Grandfathering existing portfolios of cleared swaps from proposed European Union rules that may force the relocation of clearing houses away from London after Brexit would not be enough to ensure a smooth transition, market participants are warning.
The European Commission (EC) has proposed an amendment to the European Market Infrastructure Regulation that could see third-country central counterparties, which handle very high volumes of trades for EU firms, forced to relocate those operations to the EU27. This move, intended to ensure adequate supervision of clearing by the EU authorities, would primarily affect LCH in London, which is the main clearing house for European interest rate swaps.
“If UK CCPs cannot be used post-exit day to meet the Emir mandatory clearing obligation because they are not recognised under Emir, what is the impact on firms’ legacy portfolios? Would EU27 firms still be permitted in practice to risk-manage down their positions at UK CCPs post-exit day, either by compressing them or closing them out, notwithstanding the prohibition under Emir from using non-recognised CCPs to clear new trades?” asks Simon Puleston Jones, head of Europe at the Futures Industry Association.
A leaked position paper, produced by the Council of the European Union in October, suggested a more nuanced approach, whereby existing derivatives trades could be protected to take account of “the consequences of including the outstanding cleared transactions within the scope of the implementing act”.
Yet, even if the EC mandated that only new trades involving European counterparties would be required to shift to an EU27 CCP post-Brexit, legacy portfolios could not simply be left at LCH to roll off over time. Clearing members would need the ability to manage those portfolios, which could include entering into new trades.
A head of clearing at a London-based Tier 1 bank says: “One of the things proposed for mitigating the impact of having to move clearing is to grandfather legacy portfolios, so clearing firms can leave existing portfolios in LCH and move new trade volumes over to a new CCP in time. But that gives us two knock-on issues that are more challenging.”

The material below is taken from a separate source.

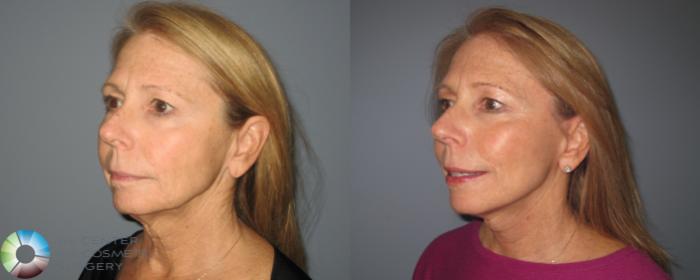 Before & After Mini Facelift Case 463 View #2 View in Golden, CO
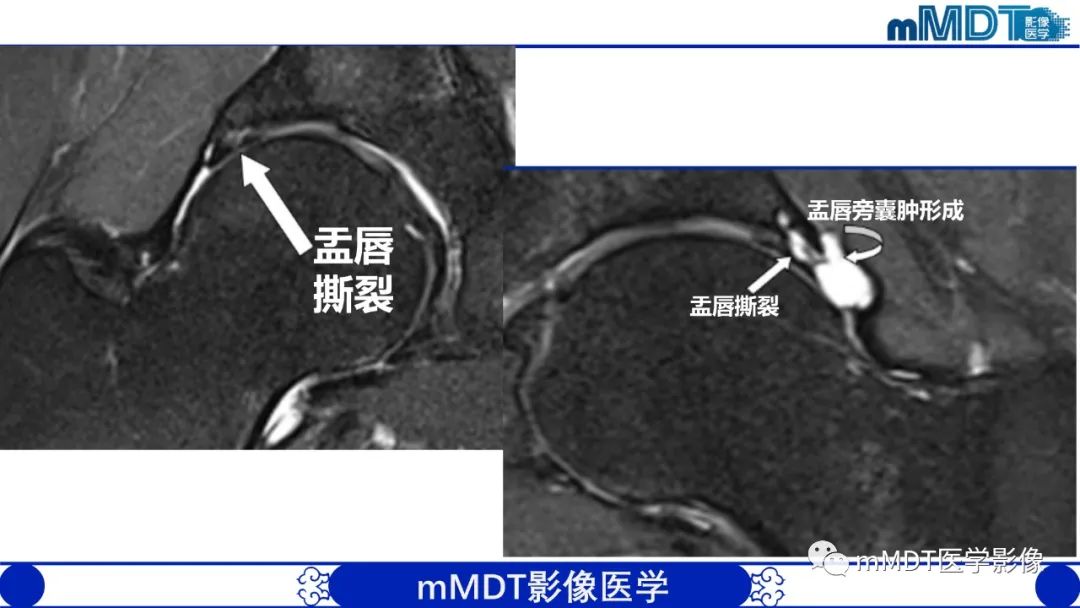 影像PPT - 【PPT】髋关节疼痛影像与临床(二)-24 影像PPT - 【PPT】髋关节疼痛影像与临床(二)-24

First, new trades would be required to risk-manage legacy portfolios in London as portfolio risks change over time. Citing the example of two curve trades – one long in five-year and another short in 10-year – the head of clearing says in five years’ time these would become an outright position in a five-year maturity: “So we would need some way to put new trades into that portfolio to manage the ongoing risk.”
If banks can’t participate in the default management process then the CCP may decide, for good risk management reasons, that those banks cannot be a memberA clearing house source
Secondly, it is a membership criterion for swaps at LCH that a member shows evidence that it is able to participate in the default management process by being able to bid for the portfolio of a defaulting member.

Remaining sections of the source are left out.